In this study, the enzymes encoded by the DEGs of the significantly enriched metabolic pathways participated in the O. sinensis fatty acid β-oxidation pathway, including four steps: dehydrogenation, hydration, re-dehydrogenation, and thiolysis (Shen & Burger, 2009). ACAD, ECH, and KAT were significantly downregulated in cultivated O. sinensis. ACAD participates in the first reaction of fatty acid and amino acid β-oxidation under the action of flavin adenine dinucleotide cofactor (Kim & Miura, 2004). ECH catalyzes the second step of fatty acid β-oxidation, promoting the cis-addition of water molecules on the trans-2-enoyl-CoA thioester double bond to form β-hydroxyacyl-CoA thioester (Willadsen & Eggerer, 2008). KAT catalyzes the final step of fatty acid β-oxidation to produce one molecule of Ac-CoA and one molecule of acyl-CoA (Mano et al., 1996). The β-oxidation that occurs in mitochondria and peroxisomes is the most important form of oxidation and provides a large amount of energy for organisms by coupling with the tricarboxylic acid cycle and electronic respiratory chain (Neely & Morgan, 1974). The results showed that the genes encoding various enzymes involved in the degradation and synthesis of fatty acids were downregulated in cultivated O. sinensis, which indicates that fatty acid metabolism is more active in wild O. sinensis (Fig. 4B). Moreover, the product of palmitic acid decomposition is Ac-CoA. When fatty acid metabolism is weakened, the downstream citric acid cycle/tricarboxylic acid cycle, alanine aspartate metabolism, and butyrate metabolism also weakens (Fig. 4A). Because of the long growth cycle of wild O. sinensis and the lack of nutrients in the living environment, we speculate that O. sinensis relies mainly on its own fatty acid oxidative decomposition to provide energy for itself, and on β-oxidation, especially via palmitic acid decomposition.

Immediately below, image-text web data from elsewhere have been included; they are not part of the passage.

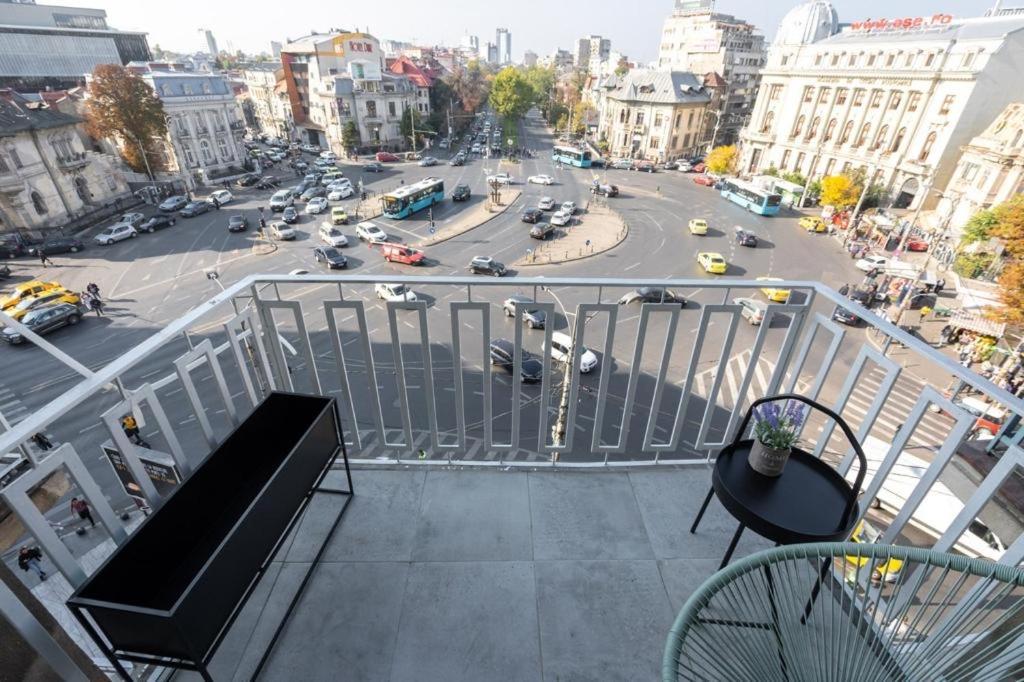 Piata Romana, Two Bedrooms Apartment Бухарест Екстер'єр фото
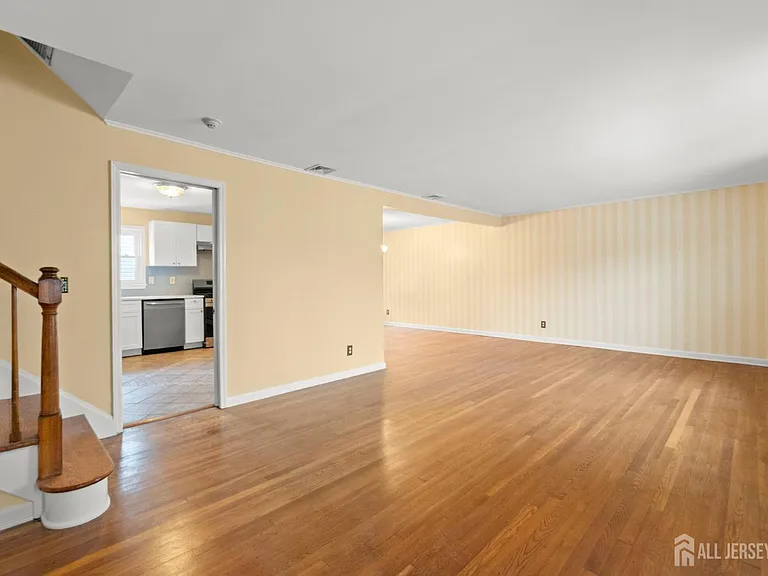 762 Valley St #762 — Photo 3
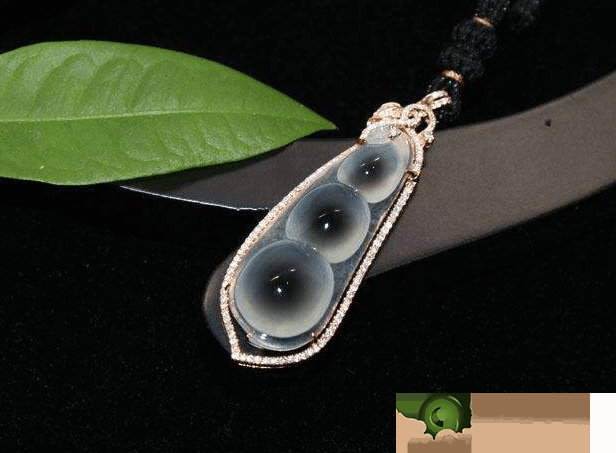 翡翠原石资料大全翡翠福豆是啥？怎样选择翡翠福豆？翡翠冰种翡翠福豆的价钱如何？   第1张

Validation of transcriptome data by qRT-RCR

To confirm the reliability of the sequencing data, 12 DEGs were randomly selected to validate the RNA-Seq expression profiles. As expected, qRT-PCR results showed that most of the mRNAs shared similar expression with those from the sequencing data. The expression levels of ten genes were downregulated in the cultivated O. sinensis (Fig. 5) and those of two genes were upregulated, indicating that our data were accurate and reliable in the subsequent analyses.

Quantitative analysis of fatty acid content

GC-MS was performed to analyze the fatty acids of O. sinensis. The results showed that the types of fatty acids in the wild and cultivated specimens were basically the same (Fig. 6) but that the content was quite different. The content of fatty acids in the wild group was much higher than that in the cultivated group, which is consistent with the previously reported (Shen & Burger, 2009). Furthermore, among all types of fatty acids, oleic acid (C18:1n9c), linoleic acid (C18:2n6c), and palmitic acid (C16:0) are the most important components and account for up to 89.38%–94.88%. From the perspective of fatty acid types, the content of unsaturated fatty acids in O. sinensis was higher than the content of saturated fatty acids. In addition, the content of fatty acids in O. sinensis has a certain aging effect. With the extension of storage life, the content of fatty acids in medicinal materials is continuously reduced (Table S6).